Short descriptive text snippets
/---

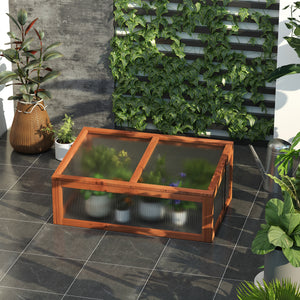 39" x 26" x 16" Wooden Cold Frame with Openable and Tilted Top Cover, Small Polycarbonate Planter Box for Flowers, Vegetables, Plants, Brown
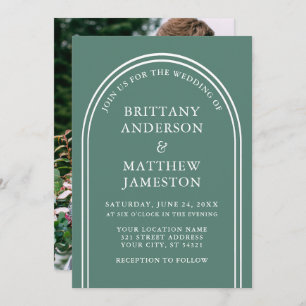Modern Stylish Arch Wedding Eucalyptus Green Photo Invitation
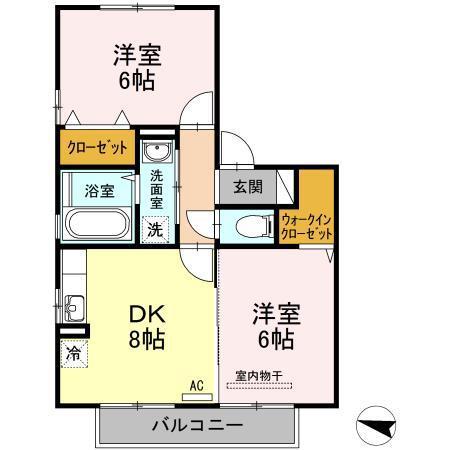 アイングルック(2DK/2階)の間取り写真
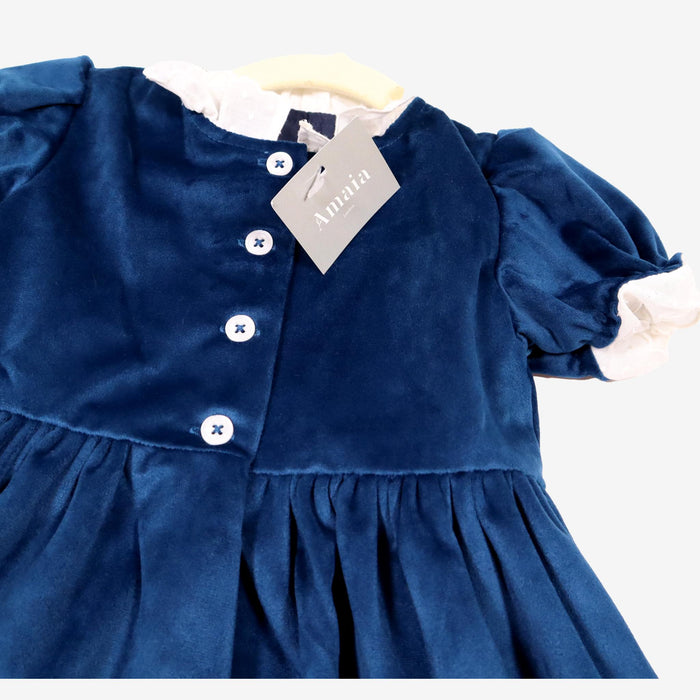 AMAIA outlet 2 ans robe velours bleu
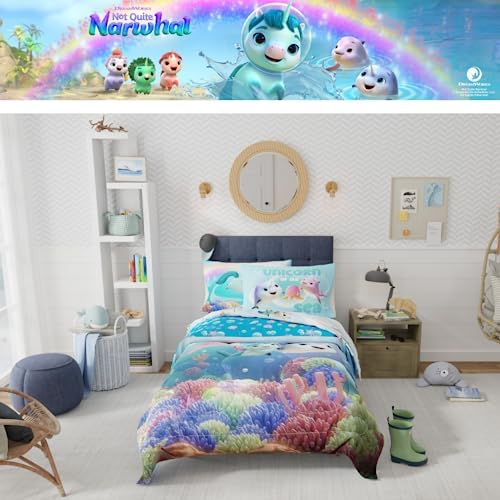 DreamWorks Not Quite Narwhal Kids Bedding Super Soft Comforter and Sheet Set, 4 Piece Twin Size, (Official Licensed Product) by Franco - Image 6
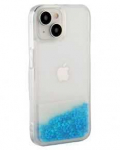 iLike Apple iPhone 15 Silikoninis dėklas Vanduo Glitter Mėlyna
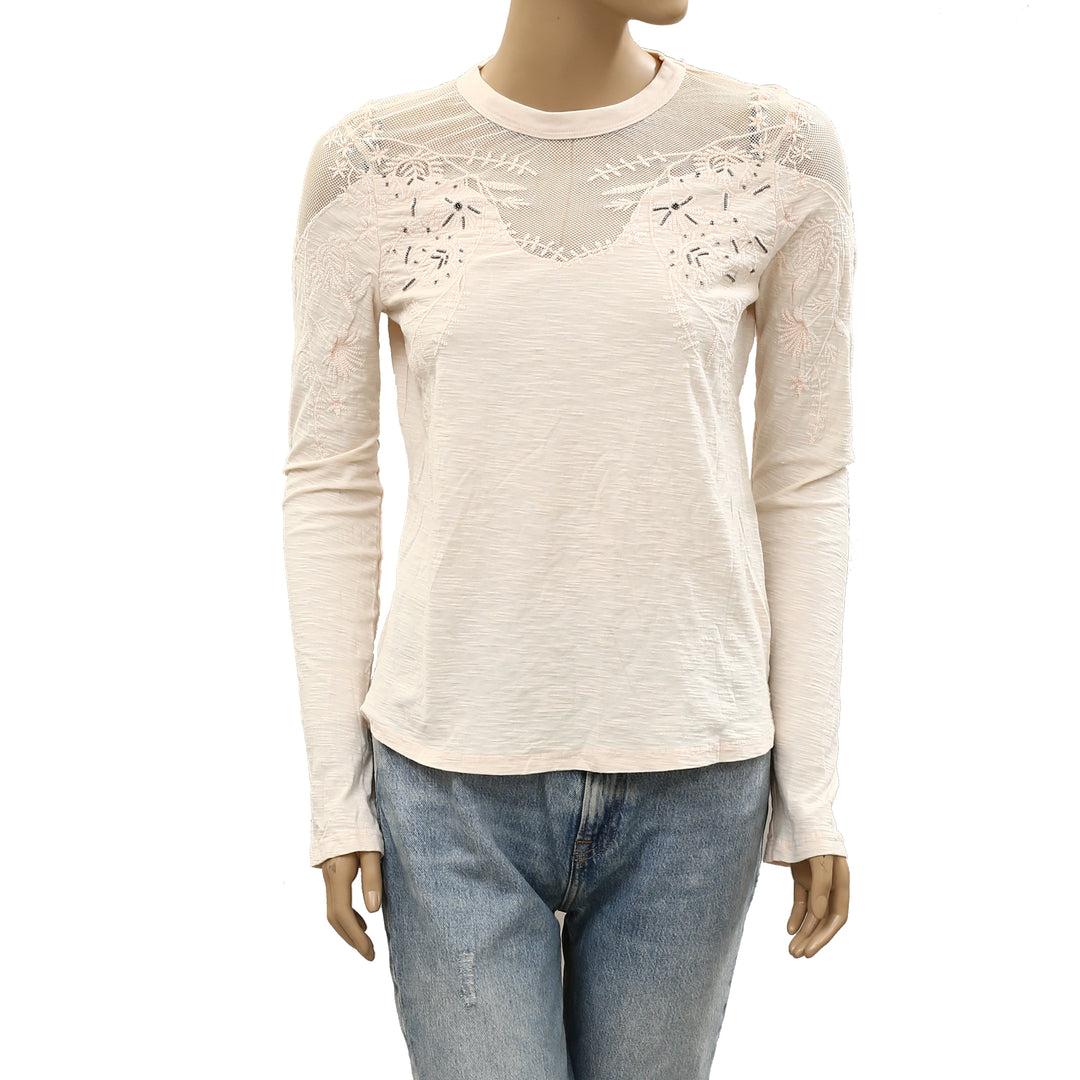 Free people Micha Embellished Mesh Beaded Long Sleeve Tee Blouse Top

\---

* What is needed
Retype the data above exactly. Leave the pictures out.

* The answer
 39" x 26" x 16" Wooden Cold Frame with Openable and Tilted Top Cover, Small Polycarbonate Planter Box for Flowers, Vegetables, Plants, Brown
Modern Stylish Arch Wedding Eucalyptus Green Photo Invitation
 アイングルック(2DK/2階)の間取り写真
 AMAIA outlet 2 ans robe velours bleu
 DreamWorks Not Quite Narwhal Kids Bedding Super Soft Comforter and Sheet Set, 4 Piece Twin Size, (Official Licensed Product) by Franco - Image 6
 iLike Apple iPhone 15 Silikoninis dėklas Vanduo Glitter Mėlyna
 Free people Micha Embellished Mesh Beaded Long Sleeve Tee Blouse Top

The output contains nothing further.